I'm not sure, but if I'd make a guess about why I got into YC it's because I was able to build something that tapped into a powerful need. It's definitely a good indicator that something is when whent there are so many resources out there and yet time and time again people who finished my class said it was the first time they had ever successfully learned how to code (after failing with other resources).

We're trying to take a more human approach to learning about technology. There are live chat and discussion sections as well as in-person study groups which is not something you'll find on peepcode and the rest. On top of that, you don't end up finishing any of those resources with a live product that can serve as the MVP for the company you're trying to build.

Just some thoughts, though I'd love to get your take.


I believe this has huge upside, this can turn into a "One Month" brand that teaches everything under the sun. At the moment it's about technology and coding, but the brand is so much more versatile than peepcode or codeschool to name a few.


Being a developer that works with Rails daily, the first thing that jumped out at me was the code on the screen in the landing page image.

Rails hasn't used named_scope in a long time :)

I also found this bit to be just wrong

"I'm not even joking when I say this, but I think some of the resources out there make it intentionally hard for non-technical people to start learning. Maybe they want to keep this stuff a secret."

I don't believe for a second this exists. It's actually kind of offensive.


I agree. The number of resources available on the internet for beginning programmers is astounding. You can find tutorials and documentation for any language that you might want to learn. Professional-quality tools are available for free. There are numerous websites where professional programmers will provide comprehensive answers to your questions within a few hours, sometimes within minutes. The source code of major software packages, like the Linux kernel or the Firefox browser, is available free of charge to anyone who wants to study or modify it. Someone who wants to learn to program is limited only by their intelligence and motivation.


I took the class a few months ago so I thought I would offer my unvarnished opinion of One Month Rails.

I've always loved technology but never had any coding skills whatsoever. To be honest, I didn't know where to begin. I would run a few searches and play around with a hello world tutorial and pretty much drop it from there.

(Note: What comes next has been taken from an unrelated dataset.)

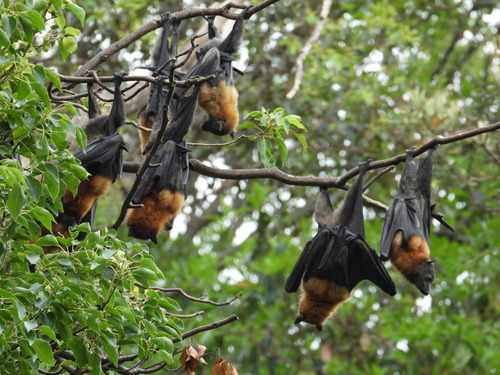 Lombok Flying-fox (Pteropus lombocensis) — Data Deficient Mammalia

Then I found this awesome speech by a guy named Mattan Griffel. He was speaking at an NYU event (pretty sure) and discussing how he learned to code in one month. I was blown away. It was like I was lost in the jungle blindfolded and someone handed me a map and a light. I finally had a way that all of this was accessible.

Griffel used a combination of a Lynda course, a Stanford course and Hartl's Rails tutorial to teach himself but in the meantime he had put together this course to learn Rails in a month.

Disclaimer: I didn't learn Rails in a month. I completed the course but I still can't build the next Facebook/Twitter/Linkedin/Pinterest on my own if it didn't have the exact same features that Griffel's tutorial had.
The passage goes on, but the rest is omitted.